Rothkopf argues Maher "blurs the lines between comedy and outright prejudice. He speaks often about freedom of speech, to the point where he even defended Donald Sterling’s right to privacy after his racist remarks were publicized."   She writes "that's why he's featured here," though Maher's remarks about Islam- including those so exorcising Rothkopf- have been far more commentary than comedy.

Evidently, among Maher's offenses is tweeting "Isis- 'one of thousands of Islamic militant groups' (NYTimes) beheads another. But by all means lets keep pretending all religions are alike."  Offering no counter to Maher's assertion, Rothkopf merely quotes Muslim scholar Reza Aslan, who claims "Islam doesn’t promote violence or peace. Islam is just a religion, and like every religion in the world, it depends on what you bring to it. If you’re a violent person, your Islam, your Judaism, your Christianity, your Hinduism, is going to be violent.”

That might come as a surprise to the roughly 80% of Pakistani Muslims who would support stoning for adultery or the approximately two-thirds the death penalty for individuals who convert from Islam.  While varying among nations, Muslims in the most volatile region(s) of the world support sanctions for deviating from the faith in numbers which would be unimaginable for adherents of the other two major western religions, Christianity or Judaism, anywhere.

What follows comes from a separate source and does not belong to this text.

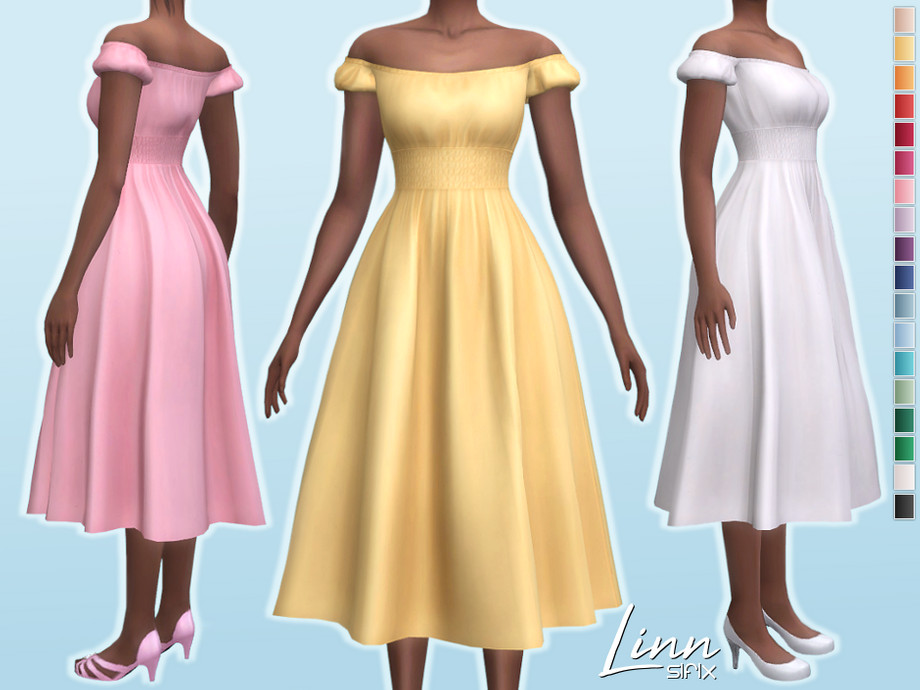 The Sims Resource: Linn Dress by Sifix • Sims 4 Downloads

Reality can be confronted (and effective policy generated) only when acknowledged. In an article in the quarterly of the hawkish Middle Eastern Forum, Timothy Furnish concedes

Islamic civilization is not a historical anomaly in its sanction of decapitation. The Roman Empire beheaded citizens (such as the Christian Saint Paul) while they crucified non-citizens (such as Jesus Christ). French revolutionaries employed the guillotine to decapitate opponents. 

Still, he points out

Nevertheless, Islam is the only major world religion today that is cited by both state and non-state actors to legitimize beheadings. And two major aspects of decapitation in an Islamic context should be noted: first, the practice has both Qur'anic and historical sanction. It is not the product of a fabricated tradition. Second, in contradiction to the assertions of apologists, both Muslim and non-Muslim, these beheadings are not simply a brutal method of drawing attention to the Islamist political agenda and weakening opponents' will to fight. Zarqawi and other Islamists who practice decapitation believe that God has ordained them to obliterate their enemies in this manner. Islam is, for this determined minority of Muslims, anything but a "religion of peace."

"Maher's panel," Joanna Rothkopf maintains, "featured Sam Harris, Nicholas Kristof and Michael Steele, (and) devolved into a yelling match. " She really ought to get out more.   As the video below indicates, the argument was nothing like a "yelling match" but really quite restrained, given that the intertwined topics were politics and religion, subjects traditionally best avoided by people wishing to avoid discord. (Not coincidentally, they are my favorite topics.)






A writer based in Brooklyn, Rothkopf on her "about.me" page explains "my left eye is bigger than my right" and describes herself as a "sometimes performer." It is no excuse.